Guardianship issues also need to be sorted out for parents with kids who are minors. In case of a casualty where both parents die, a minor child could end up in foster care in the absence of proper documentation. Grandparents or relatives might not be able to claim the child.

The Chinese generally have an aversion to any conversations about wills or estate planning. Chan, who was with TD Asset Management in 1995, conducted a lot of seminars to educate this group. TD created the first Asian hotline providing Cantonese and Mandarin phone service where people could call and seek financial help.

But attitudes have gradually changed. Immigrants who’ve been in Canada for four-to-five years now want stable incomes, not windfalls. “They’re more willing to listen,” Chan says.

Most immigrants, according to Agrawal, also don’t know much about testamentary wills, and with their “ordinary will” could end up losing wealth to people outside the family tree. “Say A and B are married and have kids, C and D. A dies. B then remarries E. Then B dies. If the will doesn’t specify otherwise, the money may bypass C and D and flow to E,” he explains.

In order to avoid such cruel surprises, newcomers need to diligently seek professional help.

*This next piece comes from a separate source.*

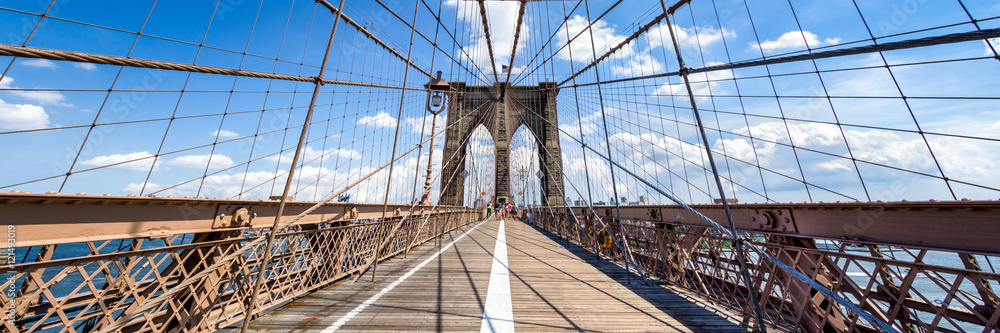 Fototapeta premium New York Brooklyn Bridge Panorama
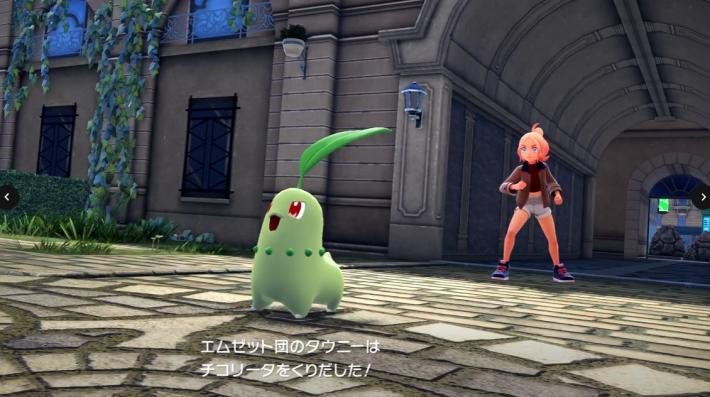 ポケモンZAのタウニーとのバトル1戦目の攻略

As Agrawal puts it, “They must first understand they have limited knowledge about the Canadian regime. And then they must learn the laws in order to grow and protect their wealth.”

For their part, advisors need to stop planning for immigrants as they’d traditionally do for their Canadian clients. Varied global contexts and individual circumstances warrant customized advice for people from multiple regimes and tax jurisdictions.